*DIRECTIONS FOR THIS TASK:* Would you repeat the listing exactly, without any of its images?

*DATA EXTRACT:*
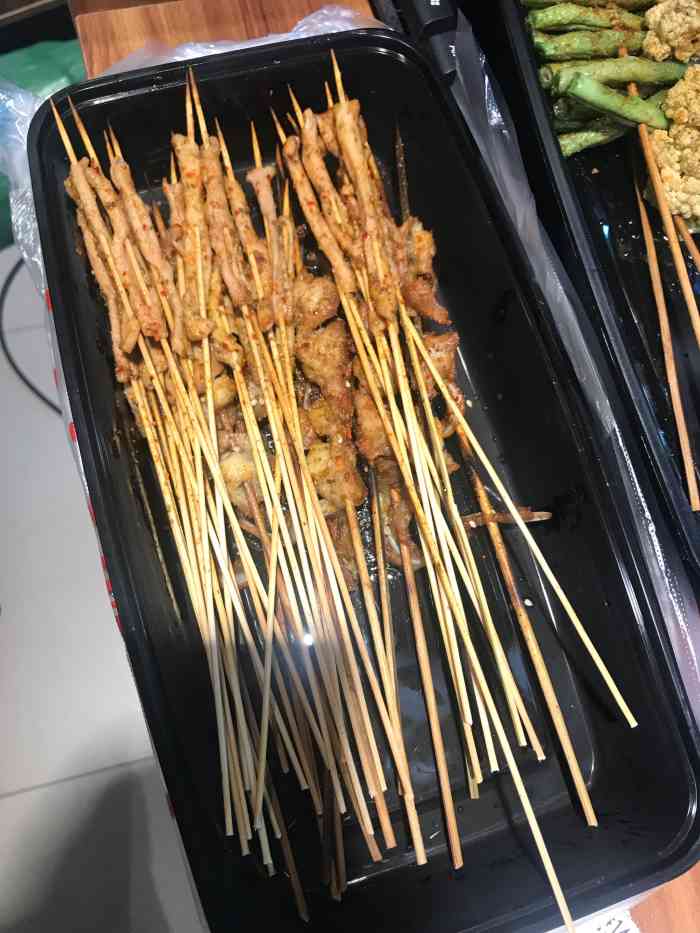 上上签烧烤(东振店)-"位于园区东振路上的新店开业了,这家上上签.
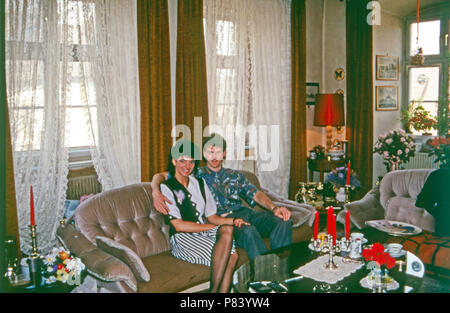 Markus Baron von und zu Aufseß mit Freundin Irene Stieber, Deutschland 1991. Markus Graf von und zu Aufsess mit seiner Freundin Irene Stieber, Deutschland 1991. Stockfoto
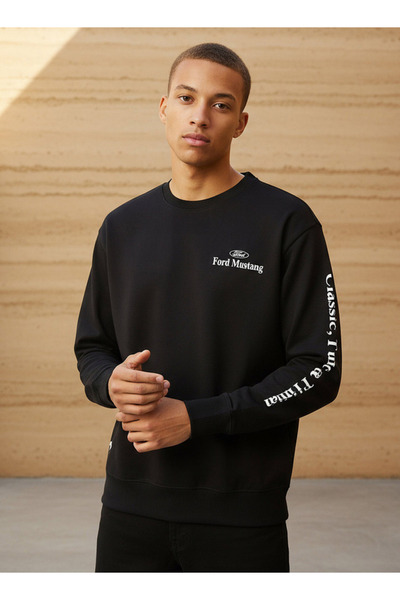 SP Characters Men Regular Fit Ford Mustang Print Sweatshirt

*WRITTEN RESPONSE:*
 上上签烧烤(东振店)-"位于园区东振路上的新店开业了,这家上上签.
 Markus Baron von und zu Aufseß mit Freundin Irene Stieber, Deutschland 1991. Markus Graf von und zu Aufsess mit seiner Freundin Irene Stieber, Deutschland 1991. Stockfoto
 SP Characters Men Regular Fit Ford Mustang Print Sweatshirt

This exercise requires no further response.